**Exercise**
Transcribe each line below verbatim; pictures excluded.

━━━ Dataset excerpts

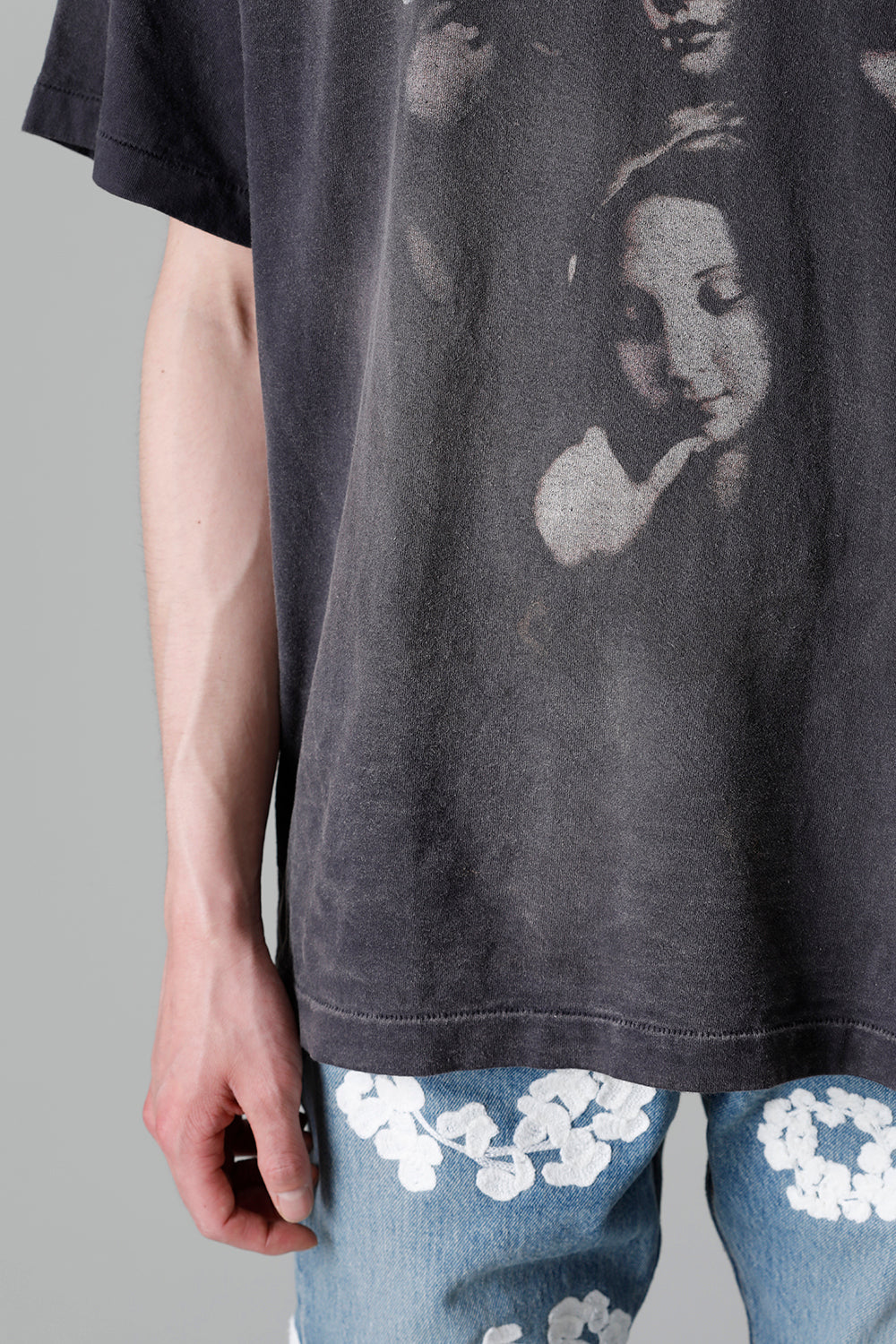 DENIM TEARS × ©SAINT M×××××× "SAINT TEARS" FACES Short sleeve T-shirt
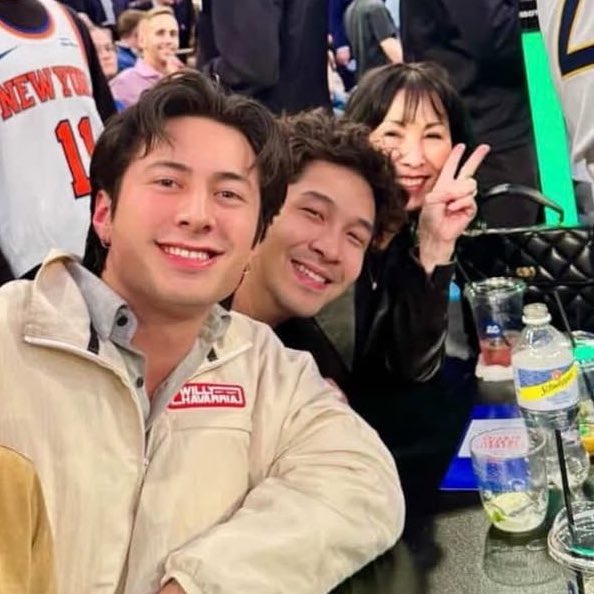 hudsonwlove's tweet image. so hudson got his cuteness from his mom 🥹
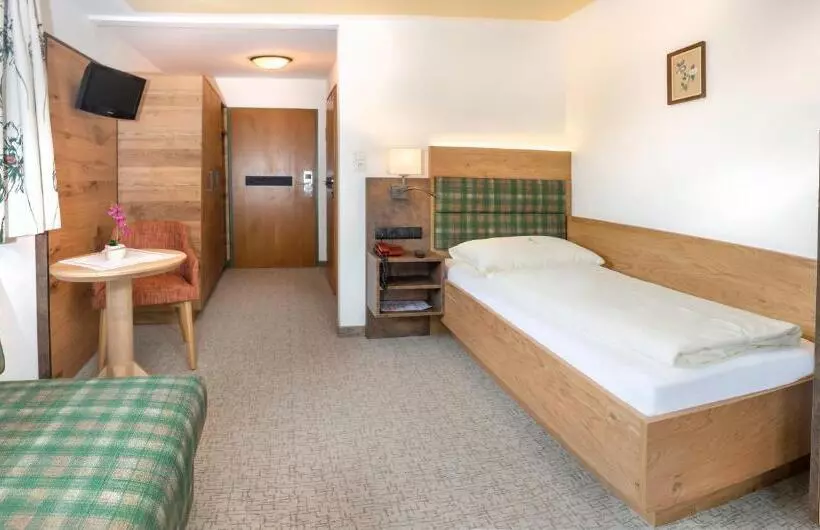 スタンダードシングルルーム, Landhotel Tirolerhof   Wildschönau   Premium Card Im Sommer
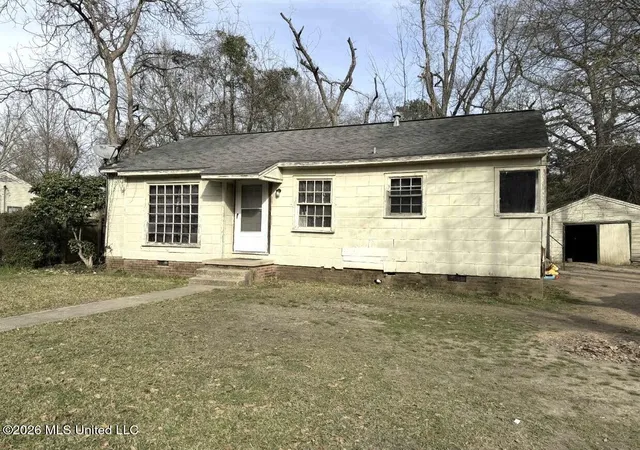 Photo 2 of Single family home for sale at 205 Albert St, Brookhaven, MS 39601 | MLS# 4161535 | Listing updated on 2026-09-04
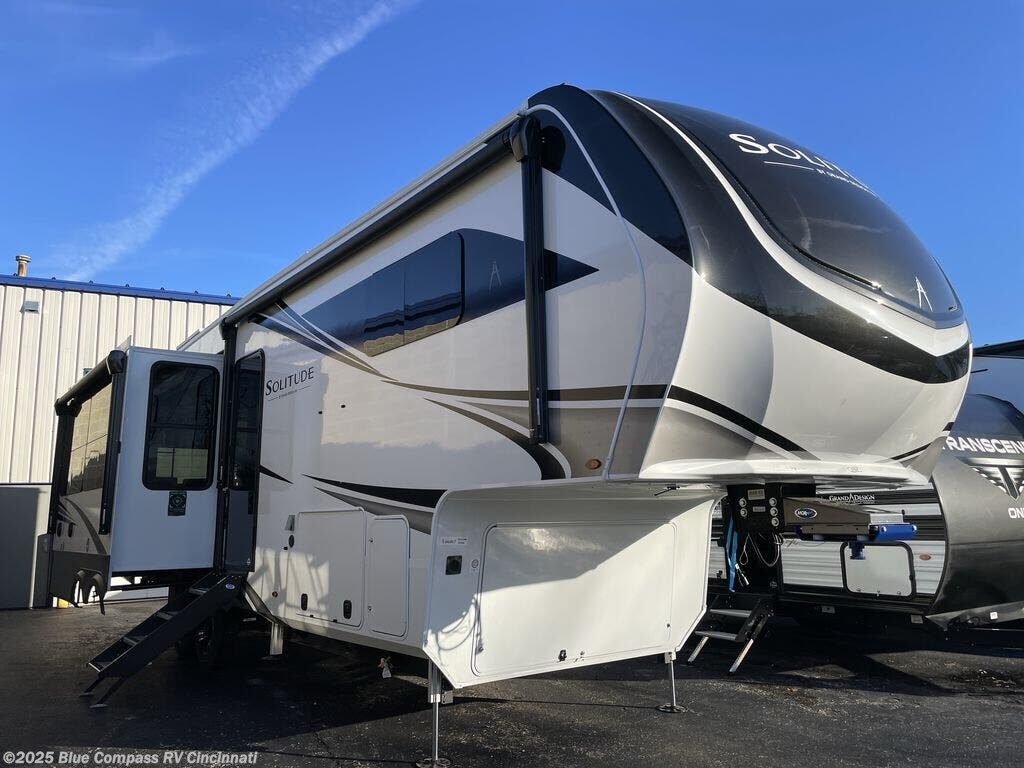 New 2025 Grand Design Solitude 310GK available in Cincinnati, Ohio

━━━━━━

**Result**
 DENIM TEARS × ©SAINT M×××××× "SAINT TEARS" FACES Short sleeve T-shirt
 hudsonwlove's tweet image. so hudson got his cuteness from his mom 🥹
 スタンダードシングルルーム, Landhotel Tirolerhof   Wildschönau   Premium Card Im Sommer
 Photo 2 of Single family home for sale at 205 Albert St, Brookhaven, MS 39601 | MLS# 4161535 | Listing updated on 2026-09-04
 New 2025 Grand Design Solitude 310GK available in Cincinnati, Ohio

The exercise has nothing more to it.